No worse thing can happen to a person than this. For as there are misanthropists or haters of men, there are also misologists or haters of ideas, and both spring from the same cause, which is ignorance of the world. Misanthropy arises out of the too great confidence of inexperience; — you trust a man and think him altogether true and sound and faithful, and then in a little while he turns out to be false and knavish; and then another and another, and when this has happened several times to a person, especially when it happens among those whom they deem to be their own most trusted and familiar friends, and they have often quarreled with them, they at last hate all men, and believe that no one has any good in themselves at all. You must have observed this trait of character?
Now there, I was led on by you to say more than I had intended at this time; but the point of comparison was, that when a simple person who has no skill in dialectics believes an argument to be true which they afterwards imagine to be false, whether really false or not, and then another and another, they have no longer any faith left, and great disputers, as you know, come to think at last that they have grown to be the wisest of mankind; for they alone perceive the utter unsoundness and instability of all arguments, or indeed, of all things, which, like the currents in the Euripus, are going up and down in never-ceasing ebb and flow.
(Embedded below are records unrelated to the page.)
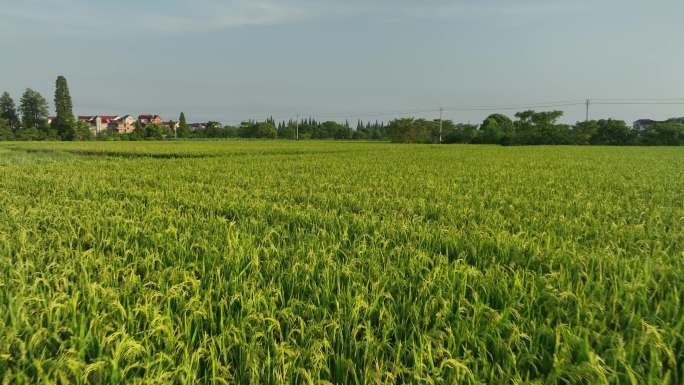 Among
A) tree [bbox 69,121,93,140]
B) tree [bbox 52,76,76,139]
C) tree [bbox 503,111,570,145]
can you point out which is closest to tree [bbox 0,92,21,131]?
tree [bbox 52,76,76,139]

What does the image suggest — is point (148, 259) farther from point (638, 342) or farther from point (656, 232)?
point (656, 232)

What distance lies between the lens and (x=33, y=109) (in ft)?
320

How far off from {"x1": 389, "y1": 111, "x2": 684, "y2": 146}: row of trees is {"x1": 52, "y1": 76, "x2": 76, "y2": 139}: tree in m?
84.2

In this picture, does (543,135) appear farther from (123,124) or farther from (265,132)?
(123,124)

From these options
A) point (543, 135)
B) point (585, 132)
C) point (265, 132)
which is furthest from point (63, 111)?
point (585, 132)

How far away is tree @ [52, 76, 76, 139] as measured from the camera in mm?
86131

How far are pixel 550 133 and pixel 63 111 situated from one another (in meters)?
122

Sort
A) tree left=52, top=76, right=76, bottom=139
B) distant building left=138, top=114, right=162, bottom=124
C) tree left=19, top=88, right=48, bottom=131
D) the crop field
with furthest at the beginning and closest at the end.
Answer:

Yes, and how melancholy, if there be such a thing as truth or certainty or possibility of knowledge — that a person should have lighted upon some argument or other which at first seemed true and then turned out to be false, and instead of blaming themselves and their own want of wit, because they are annoyed, should at last be too glad to transfer the blame from themselves to arguments in general: and forever afterwards should hate and revile them, and lose truth and the knowledge of realities.

Let us then, in the first place, be careful of allowing or of admitting into our souls the notion that there is no health or soundness in any arguments at all. Rather say that we have not yet attained to soundness in ourselves, and that we must struggle manfully and do our best to gain health of mind — you and all other people having regard to the whole of your future life, and I myself in the prospect of death and reincanation. For at this moment I am sensible that I have not the temper of a philosopher; like the vulgar, I am only a partisan. Now the partisan, when he is engaged in a dispute, cares nothing about the rights of the question, but is anxious only to convince his hearers of his own assertions. And the difference between him and me at the present moment is merely this — that whereas he seeks to convince his hearers that what he says is true, I am rather seeking to convince myself; to convince my hearers is a secondary matter with me. And do but see how much I gain by the argument. For if what I say is true, then I do well to be persuaded of the truth, but if there be nothing after death, still, during the short time that remains, I shall not distress my friends with lamentations, and my ignorance will not last, but will die with me, and therefore no harm will be done. This is the state of mind in which I approach the argument. And I would ask you to be thinking of the truth and not of me: agree with me, if I seem to you to be speaking the truth; or if not, withstand me might and main, that I may not deceive you as well as myself in my enthusiasm, and like the bee, leave my sting in you before I die.